Bender vs DMTK: What are the differences?
Bender: A Deep Learning framework for iOS. Easily craft fast Neural Networks on iOS! Use TensorFlow models. Metal under the hood; DMTK: Microsoft Distributed Machine Learning Tookit. DMTK provides a parameter server based framework for training machine learning models on big data with numbers of machines. It is currently a standard C++ library and provides a series of friendly programming interfaces.
Bender and DMTK can be primarily classified as "Machine Learning" tools.
Some of the features offered by Bender are:
- Neural networks
- deep learning
On the other hand, DMTK provides the following key features:
- DMTK Framework: a flexible framework that supports unified interface for data parallelization, hybrid data structure for big model storage, model scheduling for big model training, and automatic pipelining for high training efficiency.

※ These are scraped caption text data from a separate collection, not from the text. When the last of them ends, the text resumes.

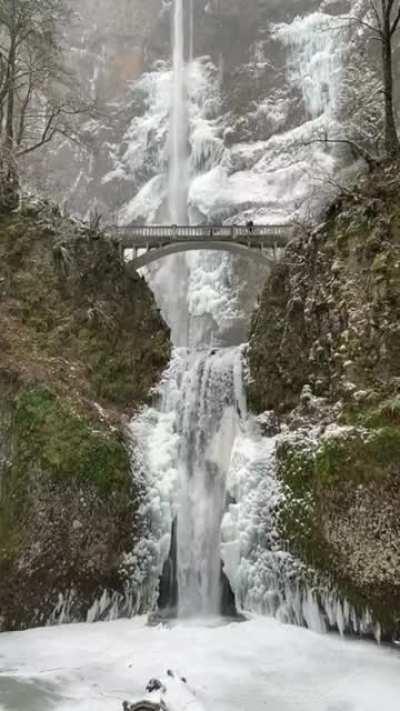 Multnomah Falls in Oregon looks like you're halfway to Rivendell.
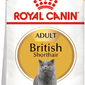 Royal Canin British сухой корм для британский кошек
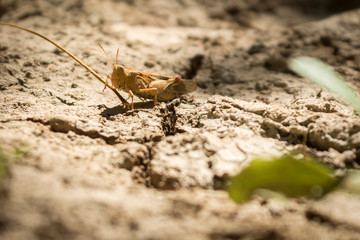 A little grasshopper going unnoticed in the dirt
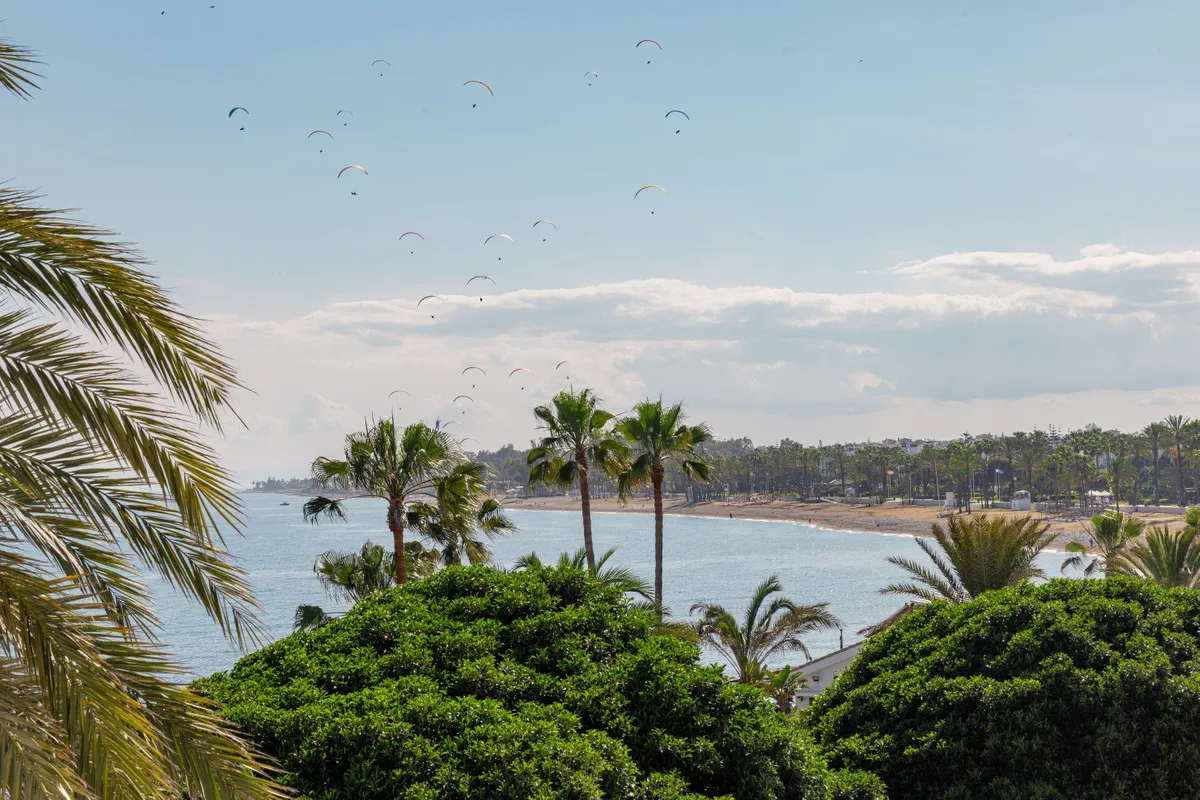 be63c926-62b2-4b88-a1c6-070af70fa8d4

- LightLDA, an extremely fast and scalable topic model algorithm, with a O(1) Gibbs sampler and an efficient distributed implementation.
- Distributed (Multisense) Word Embedding, a distributed version of (multi-sense) word embedding algorithm.
Bender and DMTK are both open source tools. DMTK with 2.69K GitHub stars and 595 forks on GitHub appears to be more popular than Bender with 1.65K GitHub stars and 87 GitHub forks.